Presente anche la modalità
Studio che permette a novelli
Eddie Van Halen di comporre i propri brani per suonarli in un secondo momento; in questo caso il nostro consiglio è di armarvi di tanta sana e buona pazienza data la macchinosità nella navigazione dell’interfaccia; pezzi musicali fatti in casa quindi da condividere poi in
GH Tunes, affidandosi all’enorme libreria online in comune col resto del mondo, e attraverso il quale è possibile sbirciare le novità del momento o i brani più quotati stesi dall’enorme community dietro il brand
Guitar Hero.
Purtroppo risulta impossibile importare i brani di
Guitar Hero: Van Halen in
Guitar Hero 5 per ovvi motivi di compatibilità a cui si faceva riferimento nelle prime righe. Mentre, altra nota dolente, dobbiamo considerare l’assenza di extra sostanziosi per quanto riguarda la band, non un video di
Making-of né uno che raffiguri le performance dei Van Halen, soltanto una misera opzione che riporta ai testi delle canzoni presenti, niente più e niente meno.

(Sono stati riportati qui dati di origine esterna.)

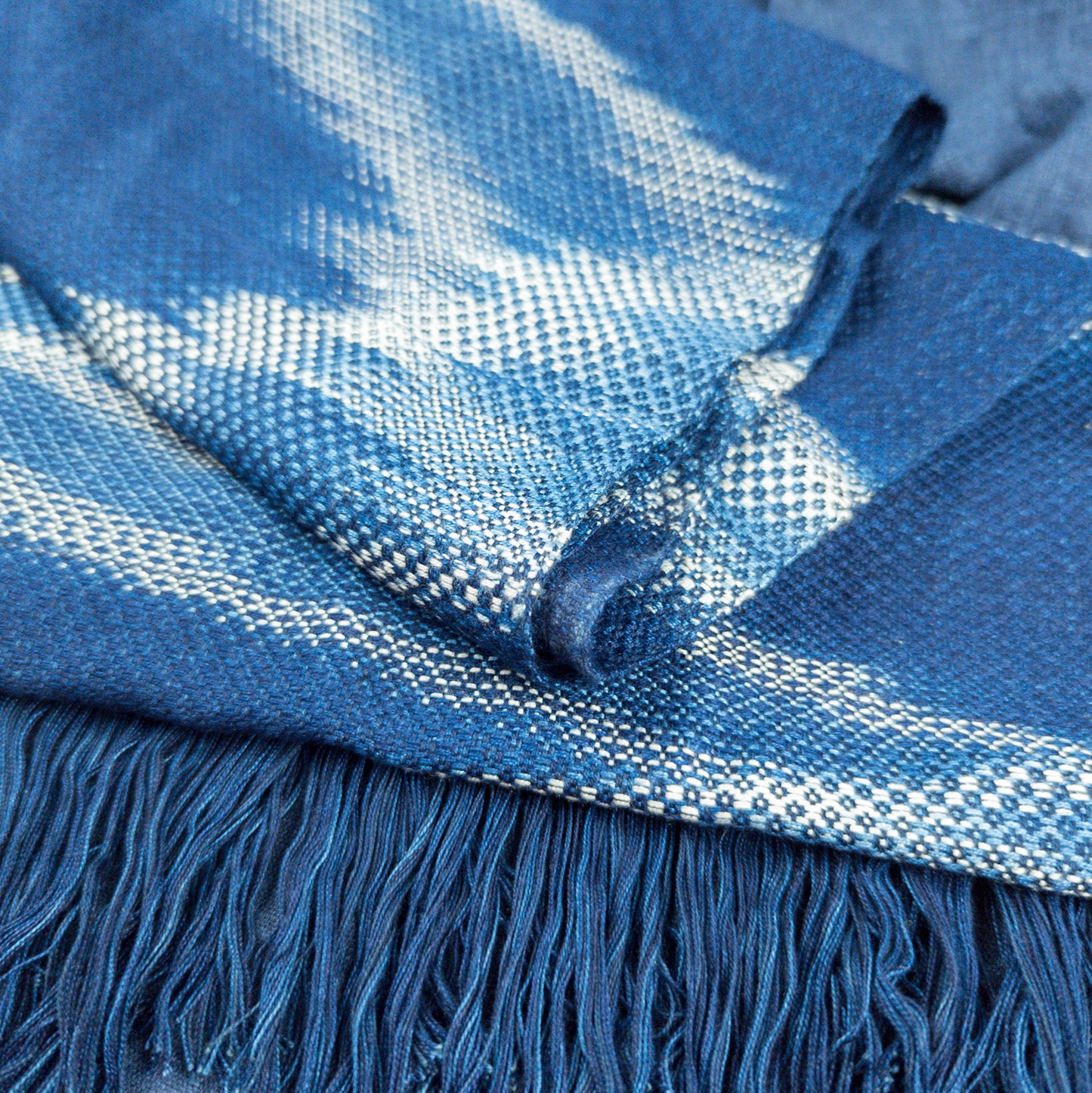 Hand Woven Rayon Scarf | Natural Indigo Dye | 2m x 32cm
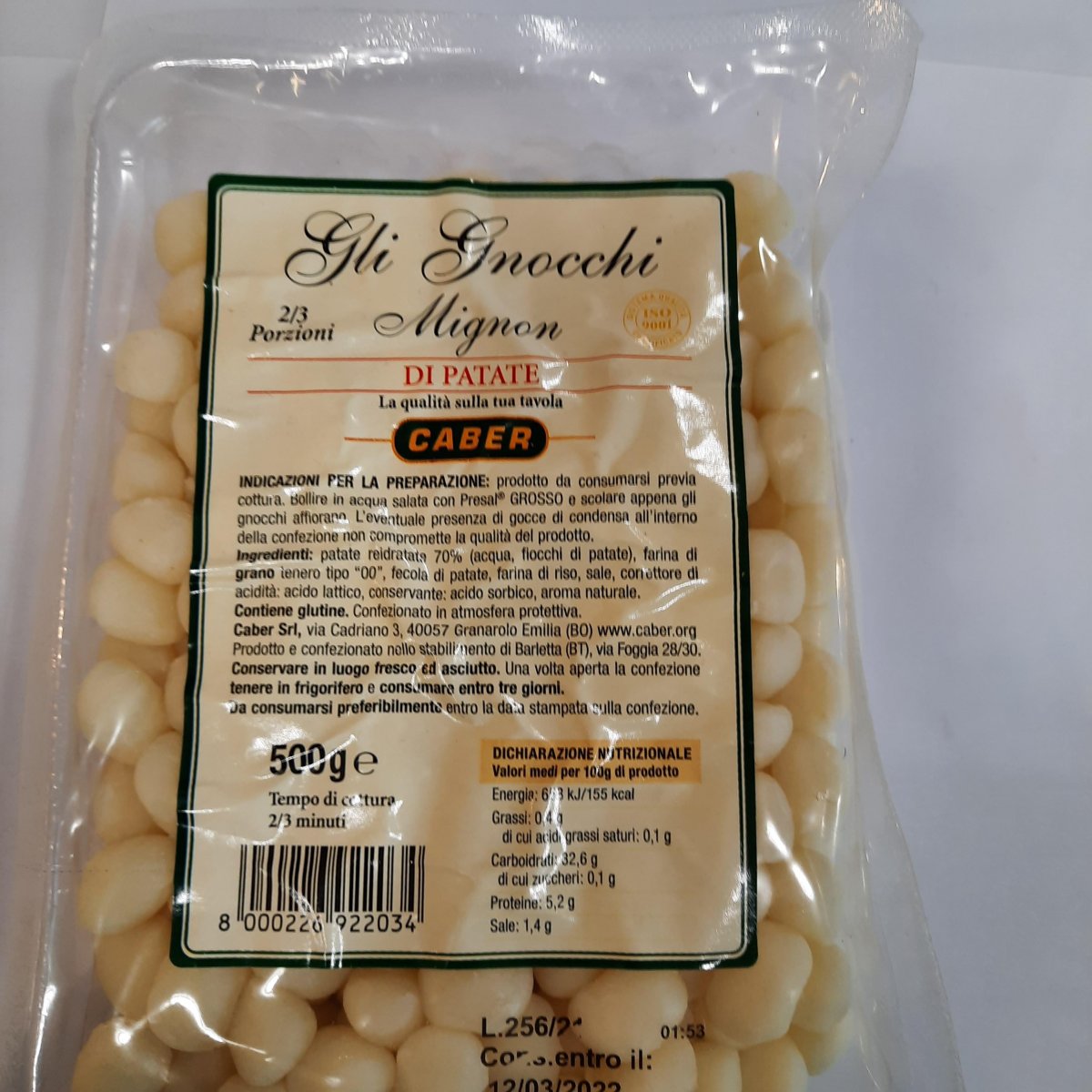 Gnocchi mignon di patate 500g 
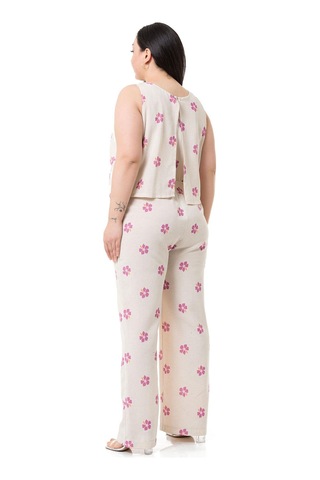 Büyük Beden Kalın Askılı Fermuarlı Beli Lastikli Pembe Çiçekli Kadın Tulum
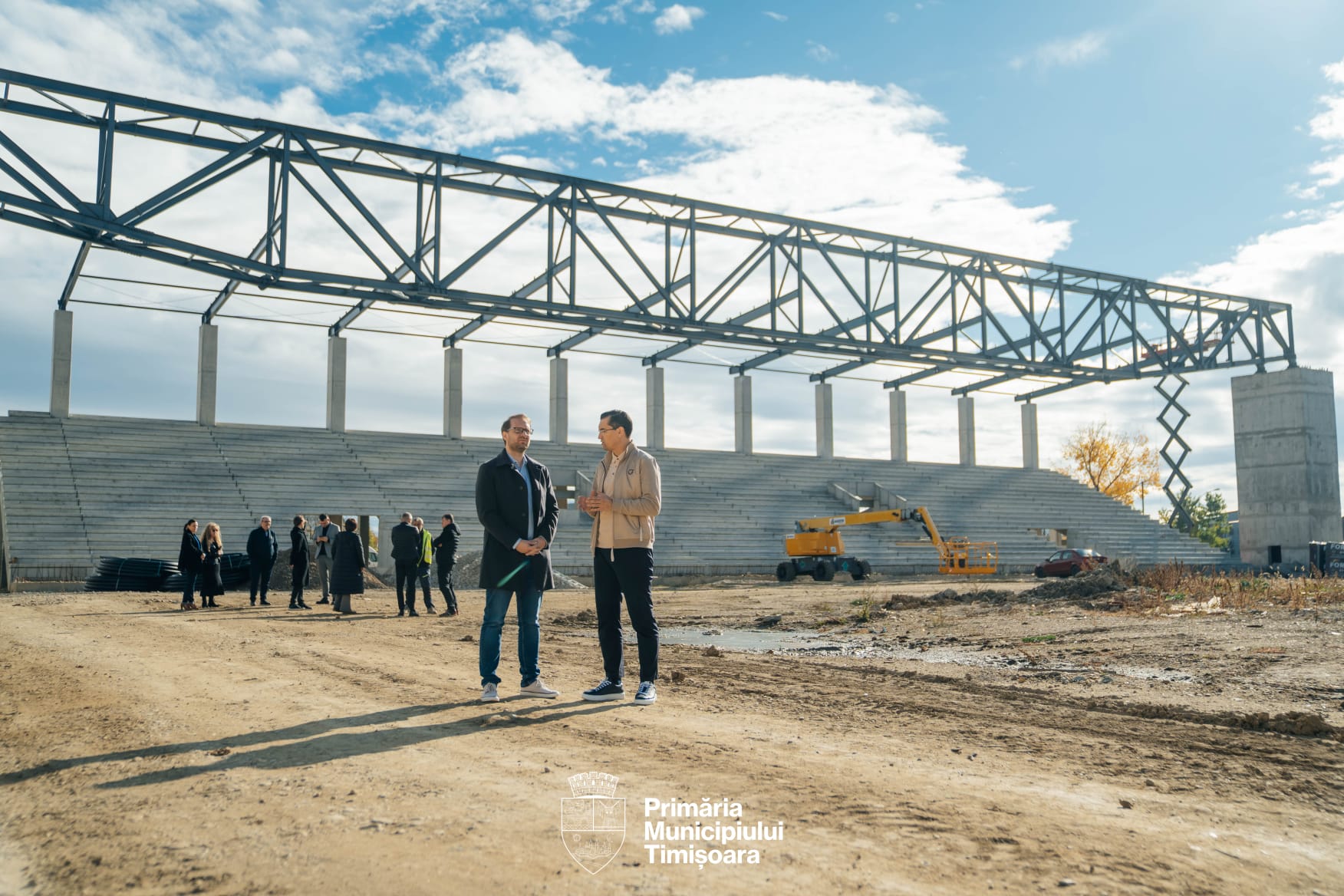 Gata în 2026! Răzvan Burleanu a mers în vizită pe noul stadion din România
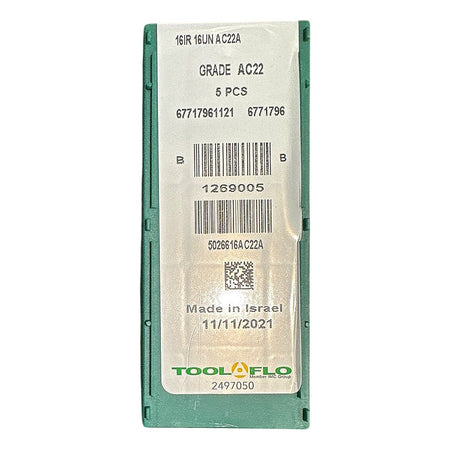 Tool Flo Tool-Flo 16IR 16UN AC22A carbide threading insert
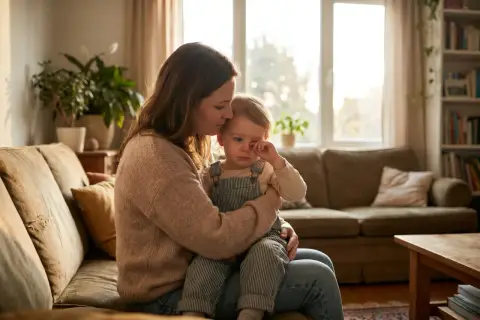 Mama pociesza płaczącego 3-latka, wspierając jego rozwój emocjonalny. Ciepło i bezpieczeństwo w domowym zaciszu.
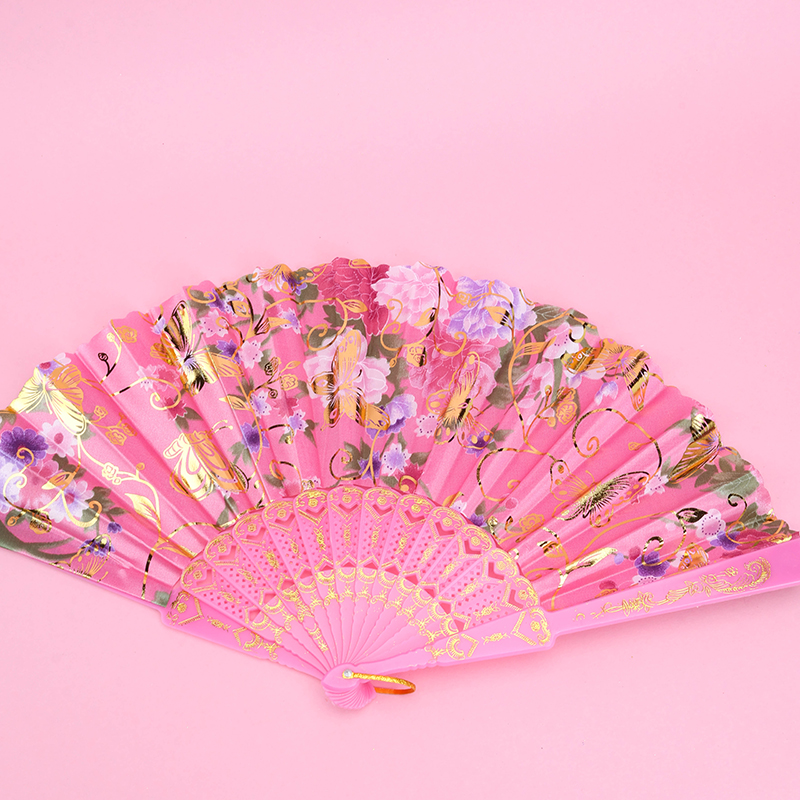 Gold Foil Butterfly Flower Fan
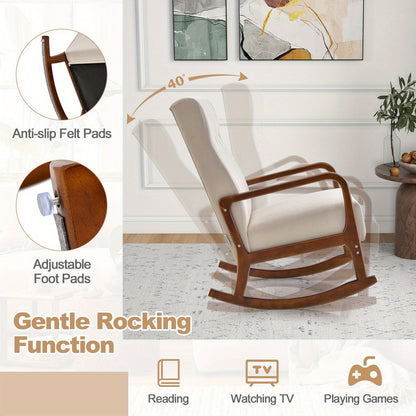 Schommelstoel – Relaxstoel – Fauteuil – Loungestoel – Voedingsstoel – Katoen-Linnen Bekleding – Massief Rubberhout Frame – Met Ottomaan – Ergonomisch Design – Beige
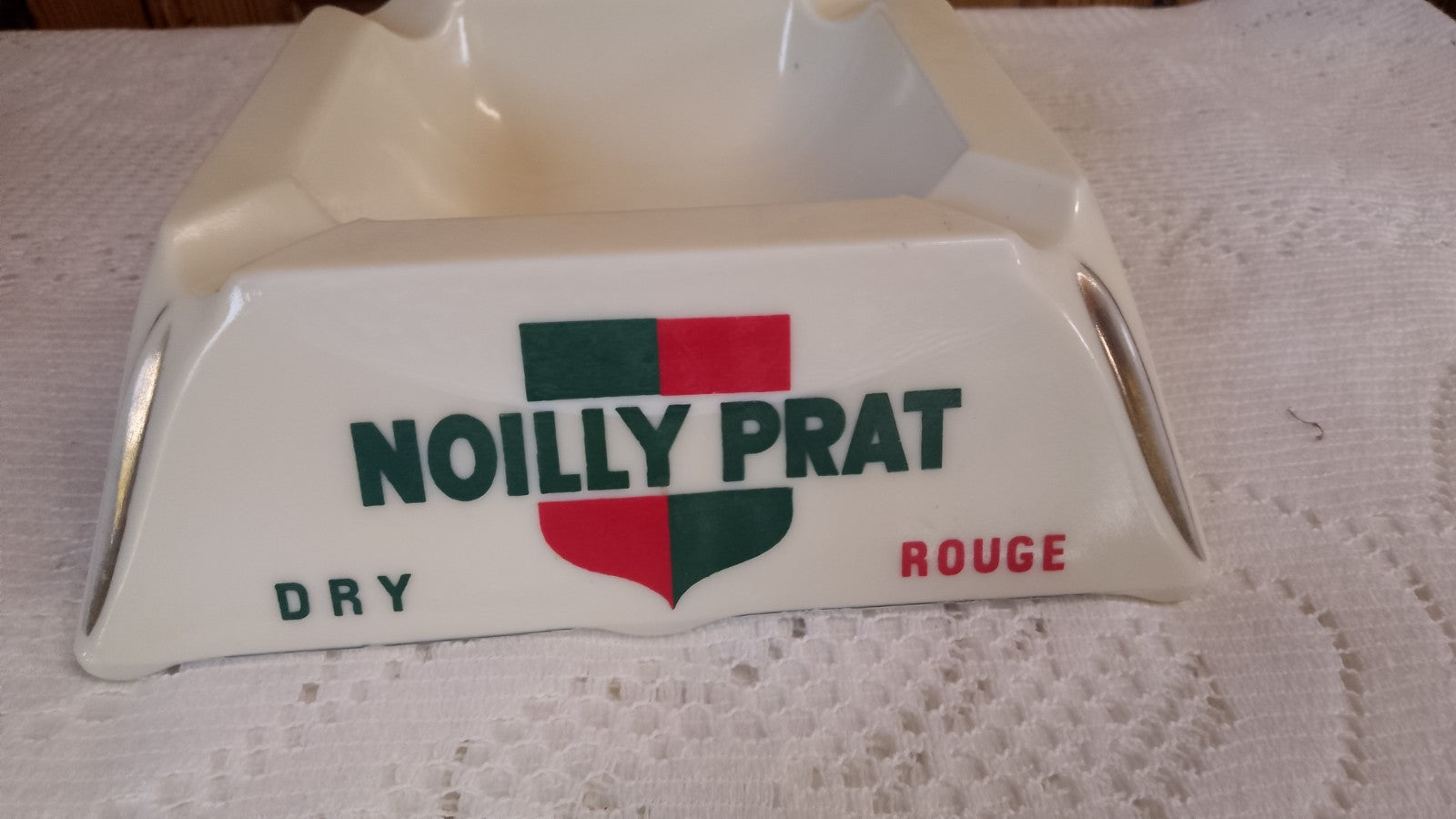 French Vintage Noilly Prat Dry Rouge Ivorex LARGE  Ashtray Man Cave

In definitiva possiamo dire che maggiore attenzione poteva (e doveva, forse) essere posta nello sviluppo di questo titolo, che pare essere stato concepito in maniera piuttosto frettolosa, soprattutto se confrontato ai due
Guitar Hero a tema; confronto attraverso il quale
Van Halen ne esce come il più fallimentare, proponendo difatti pochissimo materiale legato alla band, che non va oltre alla tracklist e la riproduzione virtuale dei membri storici (sia in versione moderna che ‘originale’). Inoltre il numero di brani è alquanto basso, considerando soprattutto i pochi che portano la firma
Van Halen.
Ecco che qui, alla luce di tante deficienze, sorge spontanea una domanda:
e se Guitar Hero Van Halen fosse stato un DLC?